Nobody likes government inefficiency and waste, but an effort to find a better way to supply the massive federal bureaucracy with pencils, paper, and other office supplies is drawing a jaded eye on Capitol Hill.
The General Services Administration is preparing to drop office supplies from its “Global Supply Stock Program,” through which it buys a multitude of products for federal agencies. The GSA claims the effort is all in the name of cost savings and greater efficiency. But critics say this is just the latest effort in the Bush administration’s campaign against small business contracting programs.
Lurita Doan, who took over as GSA administrator last May, is the descendant of Civil War era slaves, and her family includes three generations of small business owners. She founded her own firm, a surveillance technology company, in 1990. In short, supporters say she has solid small business credentials. But critics say she is a Republican stalwart first and foremost.
It hasn’t helped that in the year since Doan took office, she has been accused of campaign irregularities and of attempting to steer a $20,000 no-bid contract to a friend. House Oversight and Government Reform Chairman Henry Waxman called on Doan to testify about her activities in March and continues to investigate her. In her testimony, Doan followed what has become the standard Bush administration response: She couldn’t remember anything.
In this latest battle over pencils and paper, three Republicans and two Democrats on Capitol Hill have fired off a letter to Doan, protesting her agency’s plans to eliminate the purchase of office supplies through the program. Currently, 80 percent of those contracts go to small businesses, and the change would allow the GSA to buy from fewer larger companies.
“It’s unacceptable for the Administration to abandon innovative and effective small businesses in favor of a handful of big businesses,” said Sen. John Kerry, D-Mass., in a statement. Kerry, who chairs the Senate small business committee, wrote the letter on behalf of Sens. Olympia Snowe, R-Maine, Johnny Isakson, R-Ga., and House members Nydia Velazquez, D-N.Y., and Steve Chabot, R-Ohio, the chairman and ranking member respectively of the House small business committee.
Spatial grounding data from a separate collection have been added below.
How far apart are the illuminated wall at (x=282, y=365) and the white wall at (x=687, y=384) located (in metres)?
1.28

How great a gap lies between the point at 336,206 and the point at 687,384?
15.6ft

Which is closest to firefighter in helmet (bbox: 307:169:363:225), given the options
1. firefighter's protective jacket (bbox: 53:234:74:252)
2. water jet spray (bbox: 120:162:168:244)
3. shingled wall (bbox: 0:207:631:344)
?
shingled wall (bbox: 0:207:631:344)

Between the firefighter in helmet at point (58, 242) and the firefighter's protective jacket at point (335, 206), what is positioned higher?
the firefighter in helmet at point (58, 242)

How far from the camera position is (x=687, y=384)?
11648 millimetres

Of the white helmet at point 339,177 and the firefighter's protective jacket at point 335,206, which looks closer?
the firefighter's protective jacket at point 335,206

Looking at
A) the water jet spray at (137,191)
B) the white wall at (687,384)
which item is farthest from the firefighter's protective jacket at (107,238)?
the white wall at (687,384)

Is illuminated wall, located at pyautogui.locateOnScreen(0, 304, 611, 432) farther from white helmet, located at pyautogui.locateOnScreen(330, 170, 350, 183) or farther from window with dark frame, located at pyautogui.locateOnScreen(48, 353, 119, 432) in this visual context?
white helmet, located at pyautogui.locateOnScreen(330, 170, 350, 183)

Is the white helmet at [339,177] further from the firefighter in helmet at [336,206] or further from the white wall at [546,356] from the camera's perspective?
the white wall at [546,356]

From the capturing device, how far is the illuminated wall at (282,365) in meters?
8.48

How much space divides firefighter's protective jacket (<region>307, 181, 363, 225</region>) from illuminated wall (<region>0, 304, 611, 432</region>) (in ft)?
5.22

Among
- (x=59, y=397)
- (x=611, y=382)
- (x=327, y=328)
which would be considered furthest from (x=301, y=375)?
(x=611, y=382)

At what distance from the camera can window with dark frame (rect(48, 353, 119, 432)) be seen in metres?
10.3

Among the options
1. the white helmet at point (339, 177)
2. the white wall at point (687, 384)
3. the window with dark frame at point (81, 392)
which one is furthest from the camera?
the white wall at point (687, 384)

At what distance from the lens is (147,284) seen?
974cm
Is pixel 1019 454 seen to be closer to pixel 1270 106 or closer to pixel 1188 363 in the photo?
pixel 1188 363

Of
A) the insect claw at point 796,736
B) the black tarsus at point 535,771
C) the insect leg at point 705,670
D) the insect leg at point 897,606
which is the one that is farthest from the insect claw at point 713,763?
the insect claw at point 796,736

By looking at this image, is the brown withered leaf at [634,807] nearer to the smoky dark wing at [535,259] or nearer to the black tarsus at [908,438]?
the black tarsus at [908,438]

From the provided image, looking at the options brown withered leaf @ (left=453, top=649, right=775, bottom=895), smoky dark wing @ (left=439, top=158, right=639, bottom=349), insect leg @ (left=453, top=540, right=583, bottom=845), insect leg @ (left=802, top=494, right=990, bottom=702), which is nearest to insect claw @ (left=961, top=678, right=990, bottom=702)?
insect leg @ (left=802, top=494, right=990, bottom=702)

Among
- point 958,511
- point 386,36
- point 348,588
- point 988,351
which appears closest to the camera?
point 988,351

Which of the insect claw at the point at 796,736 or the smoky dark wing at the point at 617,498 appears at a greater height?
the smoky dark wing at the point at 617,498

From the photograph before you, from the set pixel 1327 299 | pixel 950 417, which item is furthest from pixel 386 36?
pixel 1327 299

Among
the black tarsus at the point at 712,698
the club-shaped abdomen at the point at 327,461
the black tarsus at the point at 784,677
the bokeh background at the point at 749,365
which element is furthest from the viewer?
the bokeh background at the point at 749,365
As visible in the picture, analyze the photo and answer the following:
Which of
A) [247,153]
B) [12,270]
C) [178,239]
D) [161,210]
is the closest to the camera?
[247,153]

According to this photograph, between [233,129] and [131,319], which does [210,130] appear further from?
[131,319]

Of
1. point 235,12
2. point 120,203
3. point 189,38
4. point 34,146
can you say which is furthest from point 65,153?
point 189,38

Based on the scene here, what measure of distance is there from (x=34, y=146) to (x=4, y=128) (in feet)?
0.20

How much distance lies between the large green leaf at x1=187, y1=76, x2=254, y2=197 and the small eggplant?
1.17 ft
The group wants the Government Accountability Office (GAO) to study the impact on small business suppliers and has asked Doan to suspend any efforts to change the current program with respect to office supplies until the GAO finishes its examination. They’ve asked for a response in 30 days.
“At present, approximately 80 percent of the office supply procurements for the Stock Program are directed to small businesses. Therefore, any change to this program that does not fully and properly take into account the detrimental impact on small business greatly concerns us,” Kerry wrote.